EXERCISE DETAILS: Write out the whole listing word for word.
***** THE DATA *****
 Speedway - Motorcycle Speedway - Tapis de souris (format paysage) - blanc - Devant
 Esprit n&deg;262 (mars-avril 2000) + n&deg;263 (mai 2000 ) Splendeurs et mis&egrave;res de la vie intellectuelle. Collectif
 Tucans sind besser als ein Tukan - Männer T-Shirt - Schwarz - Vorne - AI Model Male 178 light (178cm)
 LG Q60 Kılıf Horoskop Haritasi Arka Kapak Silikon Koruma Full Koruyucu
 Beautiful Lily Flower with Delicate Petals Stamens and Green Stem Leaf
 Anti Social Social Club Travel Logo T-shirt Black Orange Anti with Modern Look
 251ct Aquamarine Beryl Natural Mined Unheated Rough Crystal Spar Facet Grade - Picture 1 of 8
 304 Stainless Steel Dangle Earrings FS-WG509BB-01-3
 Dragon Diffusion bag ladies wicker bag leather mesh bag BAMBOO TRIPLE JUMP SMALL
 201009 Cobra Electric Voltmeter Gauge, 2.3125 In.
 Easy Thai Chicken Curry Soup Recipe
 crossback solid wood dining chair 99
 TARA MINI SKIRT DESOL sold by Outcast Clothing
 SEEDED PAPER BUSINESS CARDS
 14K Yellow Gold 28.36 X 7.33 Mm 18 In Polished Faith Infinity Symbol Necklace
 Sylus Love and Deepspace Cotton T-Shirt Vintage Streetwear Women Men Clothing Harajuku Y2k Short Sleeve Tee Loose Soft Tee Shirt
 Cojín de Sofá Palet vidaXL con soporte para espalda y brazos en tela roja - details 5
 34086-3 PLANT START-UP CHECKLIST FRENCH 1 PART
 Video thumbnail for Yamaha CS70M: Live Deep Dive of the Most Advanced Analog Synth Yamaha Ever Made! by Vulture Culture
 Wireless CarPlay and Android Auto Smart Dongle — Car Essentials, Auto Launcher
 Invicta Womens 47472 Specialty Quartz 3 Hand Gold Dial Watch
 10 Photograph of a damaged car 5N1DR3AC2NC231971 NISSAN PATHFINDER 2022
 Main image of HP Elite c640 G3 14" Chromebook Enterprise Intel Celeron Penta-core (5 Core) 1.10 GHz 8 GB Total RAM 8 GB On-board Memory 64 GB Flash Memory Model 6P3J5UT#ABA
*****
COMPLETED EXERCISE:
 Speedway - Motorcycle Speedway - Tapis de souris (format paysage) - blanc - Devant
 Esprit n&deg;262 (mars-avril 2000) + n&deg;263 (mai 2000 ) Splendeurs et mis&egrave;res de la vie intellectuelle. Collectif
 Tucans sind besser als ein Tukan - Männer T-Shirt - Schwarz - Vorne - AI Model Male 178 light (178cm)
 LG Q60 Kılıf Horoskop Haritasi Arka Kapak Silikon Koruma Full Koruyucu
 Beautiful Lily Flower with Delicate Petals Stamens and Green Stem Leaf
 Anti Social Social Club Travel Logo T-shirt Black Orange Anti with Modern Look
 251ct Aquamarine Beryl Natural Mined Unheated Rough Crystal Spar Facet Grade - Picture 1 of 8
 304 Stainless Steel Dangle Earrings FS-WG509BB-01-3
 Dragon Diffusion bag ladies wicker bag leather mesh bag BAMBOO TRIPLE JUMP SMALL
 201009 Cobra Electric Voltmeter Gauge, 2.3125 In.
 Easy Thai Chicken Curry Soup Recipe
 crossback solid wood dining chair 99
 TARA MINI SKIRT DESOL sold by Outcast Clothing
 SEEDED PAPER BUSINESS CARDS
 14K Yellow Gold 28.36 X 7.33 Mm 18 In Polished Faith Infinity Symbol Necklace
 Sylus Love and Deepspace Cotton T-Shirt Vintage Streetwear Women Men Clothing Harajuku Y2k Short Sleeve Tee Loose Soft Tee Shirt
 Cojín de Sofá Palet vidaXL con soporte para espalda y brazos en tela roja - details 5
 34086-3 PLANT START-UP CHECKLIST FRENCH 1 PART
 Video thumbnail for Yamaha CS70M: Live Deep Dive of the Most Advanced Analog Synth Yamaha Ever Made! by Vulture Culture
 Wireless CarPlay and Android Auto Smart Dongle — Car Essentials, Auto Launcher
 Invicta Womens 47472 Specialty Quartz 3 Hand Gold Dial Watch
 10 Photograph of a damaged car 5N1DR3AC2NC231971 NISSAN PATHFINDER 2022
 Main image of HP Elite c640 G3 14" Chromebook Enterprise Intel Celeron Penta-core (5 Core) 1.10 GHz 8 GB Total RAM 8 GB On-board Memory 64 GB Flash Memory Model 6P3J5UT#ABA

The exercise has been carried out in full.